90 yıldır aynı oyun oynanıyor bu ülkede. Farklı isimler altında yeni yeni şahıslar sahneye çıkartılıyor. Yeni renkler ve yeni çehrelerle aynı oyunun değişik versiyonları sergileniyor. Oyundaki kuklalar bizi aldatmak için oyunun yeni bölümlerini sahneye taşıyorlar. Sonunda hiçbir şey değişmeden aynı oyunla yıllarımız tüketiliyor.
Bu ülkede 90 yıldır Kürdlere zulmediliyor. Kürd’ün “ben” demesi, kendisini ifade etmesi, “Kürd” kavramını kullanması yasaklanıyor. Kürd olanların bir kısmıyla Kürd olmayanların büyük kısmı buna şartlandırılıyor. Yedi sülaleden Kürd olan biri “Kürd” kelimesini kullanınca İslamcılardan, solculardan ve milliyetçilerden çoğunun hışmına uğruyor.
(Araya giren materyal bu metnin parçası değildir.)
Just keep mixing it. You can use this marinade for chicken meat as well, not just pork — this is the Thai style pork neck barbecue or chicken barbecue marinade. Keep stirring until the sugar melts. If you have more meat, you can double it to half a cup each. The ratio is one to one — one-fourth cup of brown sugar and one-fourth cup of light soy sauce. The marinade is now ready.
Bu ülkede 90 yıldır Müslümanlara zulmediliyor. Müslümanların Müslüman’ca yaşamalarına izin verilmiyor. Düzene dokunmayıp kendi halinde dininin emirlerini yerine getirmeye çalışan sıradan bir Müslüman bile suçlu görünüyor. Ülkesinde inancına göre çocuklarını büyütemiyor insanlar. Ülkesinde inancına göre çocuklarını okutamıyor. İnançlarının gereğini yerine getiren kız çocukları okul kapılarından içeri alınmıyor.
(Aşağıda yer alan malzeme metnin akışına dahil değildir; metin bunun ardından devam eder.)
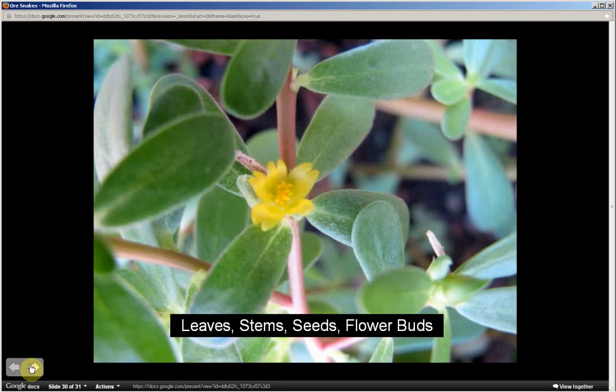At the home page, find Portulaca oleracea, Purslane, or the nickname Ore Snakes. Click on that and it will take you right to the fact sheet where you will find methods of preparation as well as much more information about this plant. This has been part one — be sure to watch part two where I will be sharing a mnemonic or memory technique to help you commit to memory the most distinguishing characteristics of this plant. Thanks for watching.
En ilkel düşünenlerin bile eğitimi her insanın en tabii hakkı gördüğü dünyada 90 yıldır aynı cinayetler işleniyor. Allah’ın emirlerine karşı asi durumuna düşmek istemeyen inançlı insanlar kız çocuklarını okula gönderemiyor. İlkel ve mantıksız yasaklar yüz binlerce kız çocuğunu eğitimden mahrum bırakıyor.
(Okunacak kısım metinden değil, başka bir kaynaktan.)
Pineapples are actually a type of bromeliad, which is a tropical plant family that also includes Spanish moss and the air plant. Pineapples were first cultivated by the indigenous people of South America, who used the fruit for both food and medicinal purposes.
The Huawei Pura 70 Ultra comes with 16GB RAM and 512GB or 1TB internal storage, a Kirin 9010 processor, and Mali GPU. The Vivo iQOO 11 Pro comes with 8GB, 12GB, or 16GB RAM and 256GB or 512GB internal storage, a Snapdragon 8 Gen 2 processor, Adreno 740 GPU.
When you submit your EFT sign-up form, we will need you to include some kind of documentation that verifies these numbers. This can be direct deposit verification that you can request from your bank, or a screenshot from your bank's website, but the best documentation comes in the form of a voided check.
Bu ülkenin okullarında kız öğrencilerin eğitimden uzaklaştırılmasının dışında da çirkinlikler yaşanıyor. Okulda ve toplumda fesadın ve ahlaksızlığın kapıları ardına kadar açık tutuluyor. Öğrencilerine ahlak dersi vermeye kalkışan öğretmenler “irticacı” damgası yiyip analarından doğduklarına pişman ediliyor. Rejim; dinsiz, imansız, düşüncesiz, kültürsüz ve içi boş mahluklar yetiştiriyor. Bu projenin ardından ne düşünenler kalacak ne de haksızlıklardan dolayı hesap soranlar…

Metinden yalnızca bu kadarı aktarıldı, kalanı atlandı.